Hi Jules,
I took the liberty to do some very basic formating to your doc and put it in confluence already (I hope you won't mind :) )

Here is the link to the *Geronimo Clustering* doc:

http://opensource2.atlassian.com/confluence/oss/display/GERONIMO/Clustering

If you are OK with it I could do some additional formatting and editing to match it to the rest of the documentation.

Cheers!
Hernan

Jules Gosnell wrote:
Rather than wait for resolution as to where exactly this document should live, I thought I would put this out here before it fossilises on my disc, so that people can get on with giving input.

This document is intended to bring together the various threads on clustering into a skeleton which we can begin to flesh out. Thus is is very incomplete... Please don't take offence at ommissions, mistakes, gaps in my understanding, or statement of the obvious - this is just the first broad brushstrokes, as evolved by the various clustering discussions that have happened recently, drawn into a single, slightly more orderly document - everything can change...

Until it finds a permanent home, I am happy to look after it and endeavour to keep it up to date with any new threads. if you have a particular change that you would like made, please let me know and I will ensure that it gets in.

I hope this will give birth to a few more threads to fill in sparse areas. Then we can hooks refs to this back into the doc and continue forward....


Jules


------------------------------------------------------------------------


Geronimo Clustering Overview - 10,000 feet...

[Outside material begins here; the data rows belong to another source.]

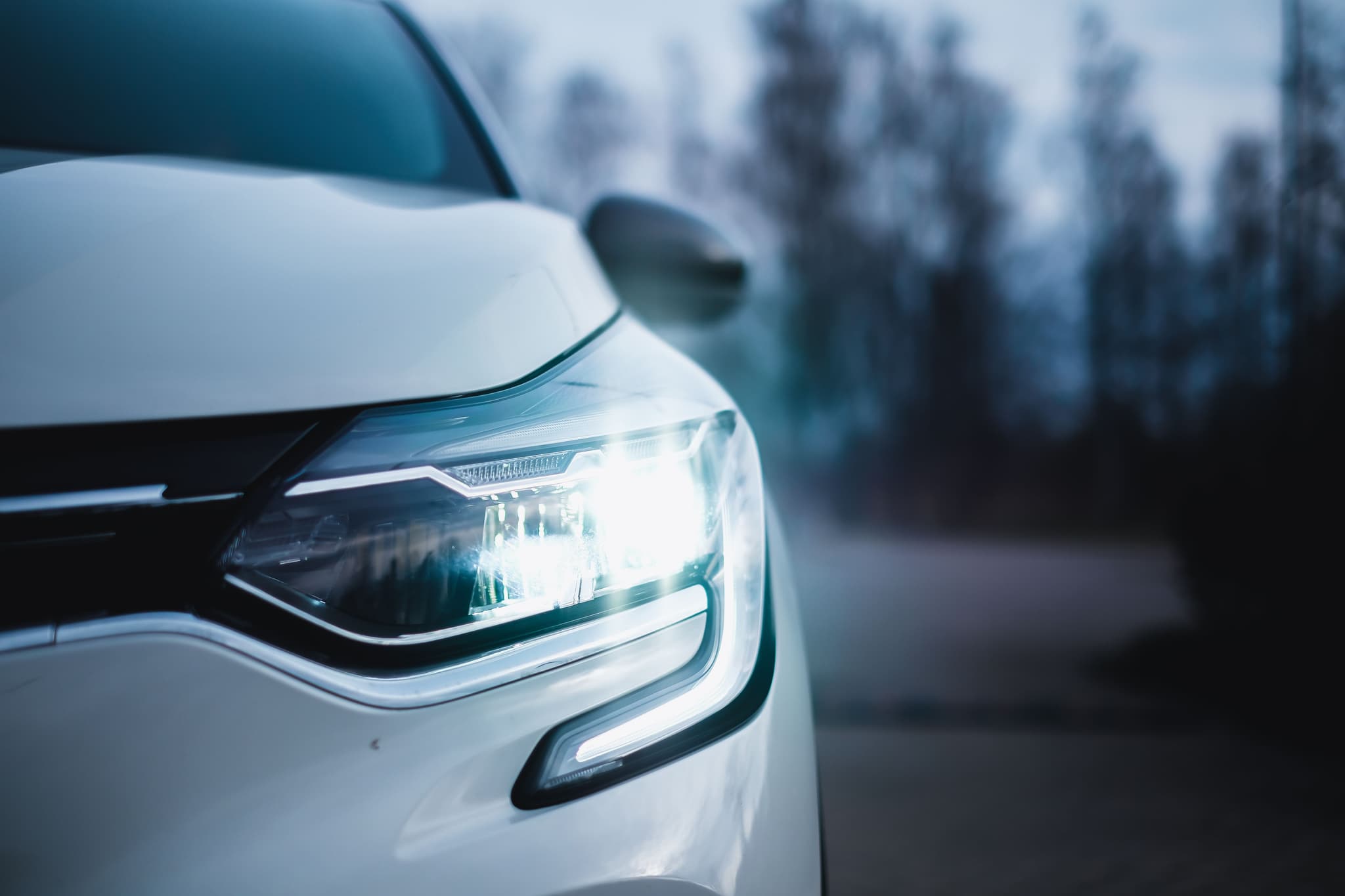 close up Image of white car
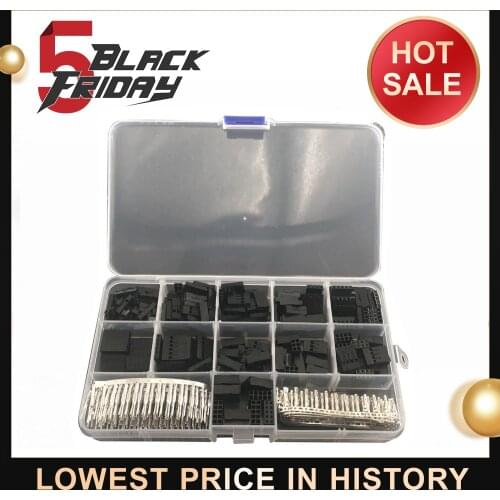 620pcs Dupont Connector 2.54mm Dupont Cable Jumper Wire Pin Header Housing Kit Male Crimp Pins+Female Pin Terminal Connector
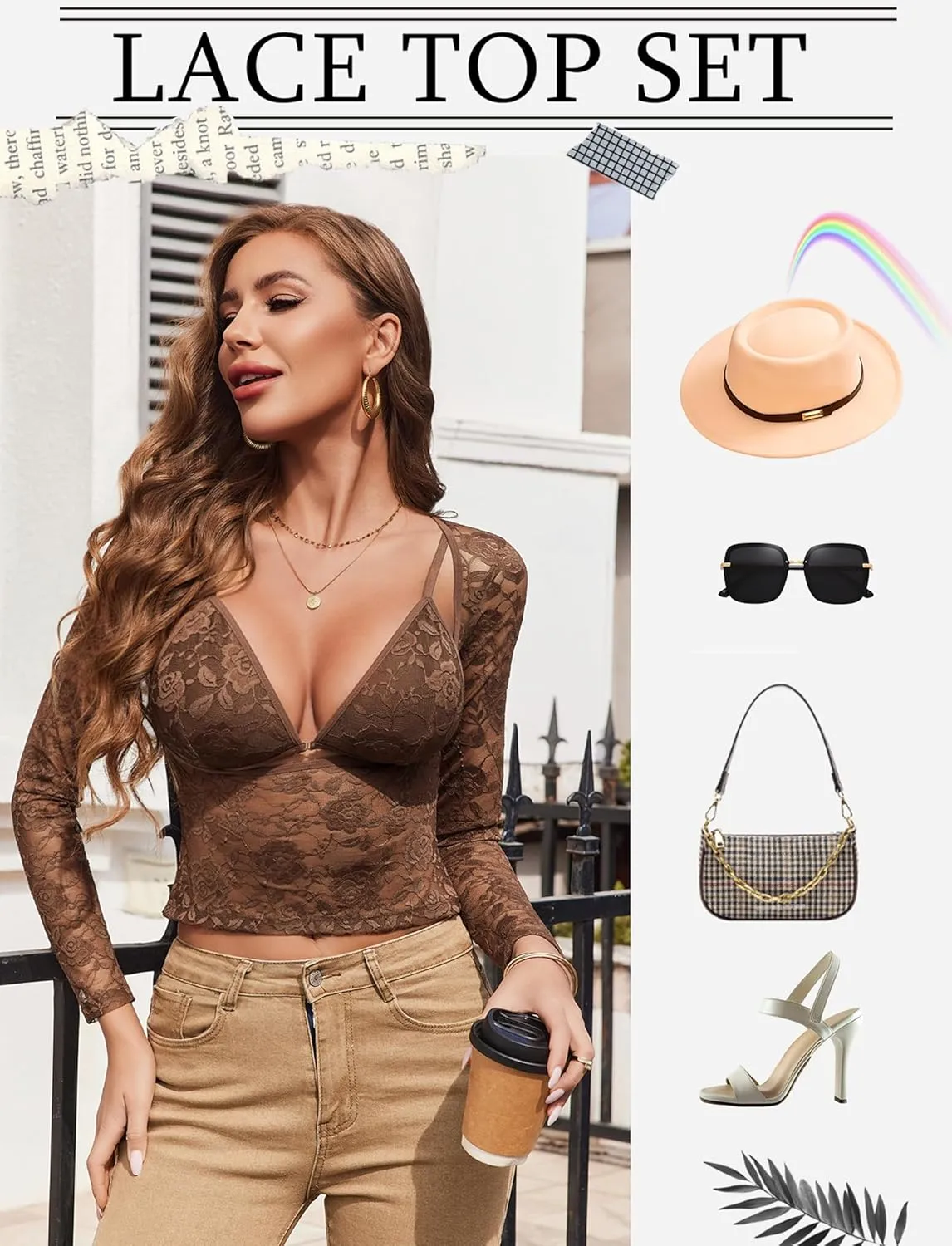 Avidlove Women's Sheer Mesh Long Sleeve Crop Top Slim Fit Shirt Sexy Bralette and Lace Top Set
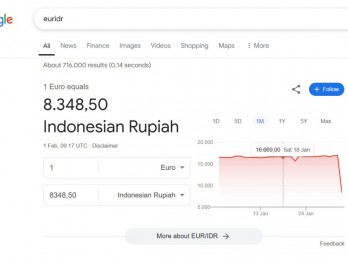 Gak Cuma Dolar AS, Rupiah Juga Mendadak Jadi Rp8.348 per Euro di Google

Clustering is one of the key features that distinguishes an enterprise
JEE implementation from the rest of the pack. As such it is an
important requirement for Apache Geronimo.

By using clustering technology to provide a scalable and highly
available platform for JEE deployment, Apache Geronimo will be able to
compete on equal terms with existing commercial offerings.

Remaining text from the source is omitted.